Les détenus radicalisés vont être accueillis dans un QPR : un quartier pour la prise en charge de la radicalisation. C'est le deuxième créé en France après celui de Lille-Annoeulin. Ce quartier dispose de 30 places. Trois détenus arrivent cette semaine. D'ici la fin de l'année, ils seront une douzaine. Condamnés pour terrorisme, ils ont été évalués dans d'autres établissements, et le but de leur détention à Condé, c'est de les faire évoluer pour qu'ils sortent de la radicalisation. Afin d'éviter tout prosélytisme envers les autres détenus, ils sont accueillis dans un bâtiment complètement étanche.

la ministre de la justice Nicole Belloubet a visité ce nouveau QPR le 20 septembre 2018, à quelques jours de son ouverture. - Radio France
la ministre de la justice Nicole Belloubet a visité ce nouveau QPR le 20 septembre 2018, à quelques jours de son ouverture. © Radio France - Nolwenn Le Jeune

François Toutain, chef de la mission de lutte contre la radicalisation, explique que "l'esprit de ce quartier, c'est d'être spécifiquement adapté à la prise en charge de personnes ancrées dans une idéologie radicale et qui sont prosélytes". Dans une détention classique, ces personnes ont une capacité de nuisance, ajoute-t-il, il s'agit donc de les placer dans un lieu spécialement dédié. 800 000 euros de travaux ont été effectués pour aménager le bâtiment, qui occupe l'une des trois ailes de la prison ultra sécurisée d'Alençon Condé. Les 30 cellules individuelles sont équipées de passe menottes. 

Les portes des 30 cellules individuelles ont été équipées de passe menottes pour renforcer la sécurité des surveillants.  - Radio France
Les portes des 30 cellules individuelles ont été équipées de passe menottes pour renforcer la sécurité des surveillants. © Radio France - Nolwenn Le Jeune

Le quartier de prise en charge de la radicalisation est complètement autonome du reste, pour que jamais les radicalisés ne croisent d'autres détenus. Ils disposent donc d'une cour de promenade, d'un atelier, et même d'une unité sanitaire où les premiers soins pourront être donnés, avant un éventuel transfert à l'hôpital.

L'espace vert a été enlevé de la cour de promenade, pour éviter que des objets n'y soient cachés.  - Radio France
L'espace vert a été enlevé de la cour de promenade, pour éviter que des objets n'y soient cachés. © Radio France - Nolwenn Le Jeune

Vingt-cinq surveillants sont affectés à ce nouveau quartier, sur la base du volontariat. Ils ont suivi une formation de trois semaines, destinée à leur permettre de prendre en charge ces détenus spécifiques. Mais le syndicat Force Ouvrière s'inquiète que les personnels remplaçants n'aient pas reçu la même formation. Frédéric Eko son responsable local attend des réponses de l'administration pénitentiaire. 

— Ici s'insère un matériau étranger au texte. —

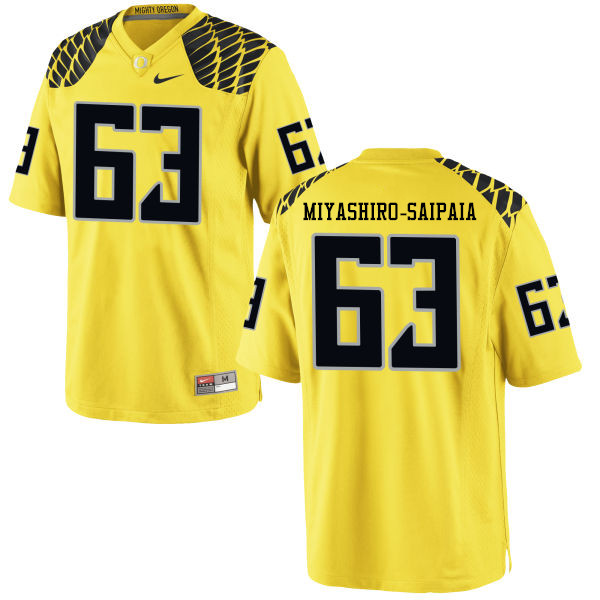 Men #63 Davis Miyashiro-Saipaia Oregon Ducks College Football Jerseys-Yellow - Click Image to Close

Comme tous les détenus incarcérés à Condé sur Sarthe, les radicalisé sont accueillis dans des cellules individuelles.  - Radio France
Comme tous les détenus incarcérés à Condé sur Sarthe, les radicalisé sont accueillis dans des cellules individuelles. © Radio France - Nolwenn Le Jeune

Les surveillants n'interviendront pas seuls. La prise en charge est pluri disciplinaire avec des conseillers de probation, des spécialistes du fait religieux, des universitaires. Le but étant de les évaluer pour les réinsérer. "Si au bout de six mois, on note une évolution positive, ils pourront être redirigés vers une détention classique, explique Emmanuelle Coste, adjointe au chef d'établissement, sinon ils resteront six mois de plus. Et si à terme, rien ne se passe, ils retourneront à l'isolement". En France, on dénombre 500 détenus condamnés pour terrorisme et 1.100 détenus radicalisés de droit commun.